La declaración fue acompañada por la firma del presidente de la bancada oficialista en Diputados, Agustín Rossi, y los intendentes Francisco Gutiérrez ("Barba", Quilmes), Jorge Secco (Ensenada), Darío Díaz Pérez (Lanús), entre otros, y los secretarios de la CGT Juan Carlos Schmid y Julio Piumato.

Los nombres de Rossi y Gutiérrez, así como el de la dirigente jujeña Milagro Sala (Túpac Amaru-CTA), fueron los más aplaudidos por los 300 miembros de Carta Abierta y militantes piqueteros reunidos ayer en la explanada de la biblioteca.

Los rodeaban banderas del Movimiento Evita y el Comedor Los Pibes, entre otras. Detrás del escenario, donde los actores Lito Cruz y Lola Berthet leyeron el documento, un amplio estandarte de la Juventud Peronista pedía la renuncia del "montonero" Cobos, lo que completaba el inusual marco elegido por Carta Abierta, representada ayer por el director de la biblioteca, Horacio González.

"Conmemoramos el Bicentenario de la Argentina sin evocar un pasado mítico, pero sabiendo que en los pliegues de su historia persisten memorias de un país para todos", comienza el escrito, que contrapone el Bicentenario con un centenario "bajo la égida de un Estado excluyente, con las mayorías silenciadas políticamente y con un mundo popular asolado por la desdicha".

"Reacción popular"

Desde ese punto de partida, la declaración repudia la posibilidad de "un país diseñado desde la lógica de los intereses corporativos [donde] deben ser conjuradas las maniobras de quienes conspiran en las sombras y agitan desde los espacios mediáticos". Y sostiene que "el futuro de la Argentina depende de la atenta vigilia popular" y su "reacción frente al peligro".

Tanto Schmid, mano derecha en la CGT del camionero Hugo Moyano, como el diputado bonaerense Fernando Navarro ("Chino"), aliado de Pérsico en el Movimiento Evita, destacaron el contenido político de la declaración y la ubicaron como el inicio de una definición programática para 2011.

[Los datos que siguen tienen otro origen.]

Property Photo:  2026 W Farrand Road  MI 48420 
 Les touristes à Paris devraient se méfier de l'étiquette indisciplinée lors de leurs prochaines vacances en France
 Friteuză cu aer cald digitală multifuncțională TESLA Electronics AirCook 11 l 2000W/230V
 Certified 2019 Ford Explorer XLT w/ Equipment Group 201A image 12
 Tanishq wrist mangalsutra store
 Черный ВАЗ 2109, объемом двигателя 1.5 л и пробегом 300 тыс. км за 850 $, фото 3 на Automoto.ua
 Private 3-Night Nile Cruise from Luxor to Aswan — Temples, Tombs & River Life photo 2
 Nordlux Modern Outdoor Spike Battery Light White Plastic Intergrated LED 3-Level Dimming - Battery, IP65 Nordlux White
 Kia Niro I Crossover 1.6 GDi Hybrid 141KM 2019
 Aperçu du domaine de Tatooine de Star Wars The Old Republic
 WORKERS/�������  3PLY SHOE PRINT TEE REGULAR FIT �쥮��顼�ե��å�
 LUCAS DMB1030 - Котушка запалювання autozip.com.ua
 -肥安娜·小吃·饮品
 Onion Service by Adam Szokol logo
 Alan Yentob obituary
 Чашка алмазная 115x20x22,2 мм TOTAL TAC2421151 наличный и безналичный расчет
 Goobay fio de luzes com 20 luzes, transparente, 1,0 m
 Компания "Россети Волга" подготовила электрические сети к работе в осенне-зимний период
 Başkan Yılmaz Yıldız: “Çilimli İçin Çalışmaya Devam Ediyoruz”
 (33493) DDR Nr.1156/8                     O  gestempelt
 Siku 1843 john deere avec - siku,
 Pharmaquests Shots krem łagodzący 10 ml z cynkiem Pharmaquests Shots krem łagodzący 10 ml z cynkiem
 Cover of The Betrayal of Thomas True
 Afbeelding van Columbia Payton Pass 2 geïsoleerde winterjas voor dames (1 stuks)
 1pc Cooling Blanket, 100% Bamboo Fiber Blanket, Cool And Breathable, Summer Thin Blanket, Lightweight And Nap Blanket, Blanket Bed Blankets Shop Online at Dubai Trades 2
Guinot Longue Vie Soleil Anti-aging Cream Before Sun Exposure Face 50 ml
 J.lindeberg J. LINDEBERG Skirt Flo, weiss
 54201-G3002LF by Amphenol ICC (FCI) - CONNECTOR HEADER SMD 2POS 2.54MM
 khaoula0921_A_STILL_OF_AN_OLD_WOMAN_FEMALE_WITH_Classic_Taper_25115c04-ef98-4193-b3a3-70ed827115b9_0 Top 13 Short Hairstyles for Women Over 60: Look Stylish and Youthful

"La declaración tiene una fuerte carga política sobre lo que queremos construir y aspiramos a que madure en una plataforma política", sostuvo Schmid, casi en los mismos términos de Navarro: "Es el inicio para delimitar una plataforma en la que participen organizaciones sociales e intelectuales".

Más medido, Horacio González habló de un "indicio" de relaciones entre grupos que pueden "refinar sus propósitos para la gran cita de 2011", en la que auguró "más imaginación política y menos virulencia". Sólo se permitió elogiar la diversidad de dirigentes que acompañaron la declaración. "Los nombres que aquí se conjugaron no aparecen en otros lugares", dijo.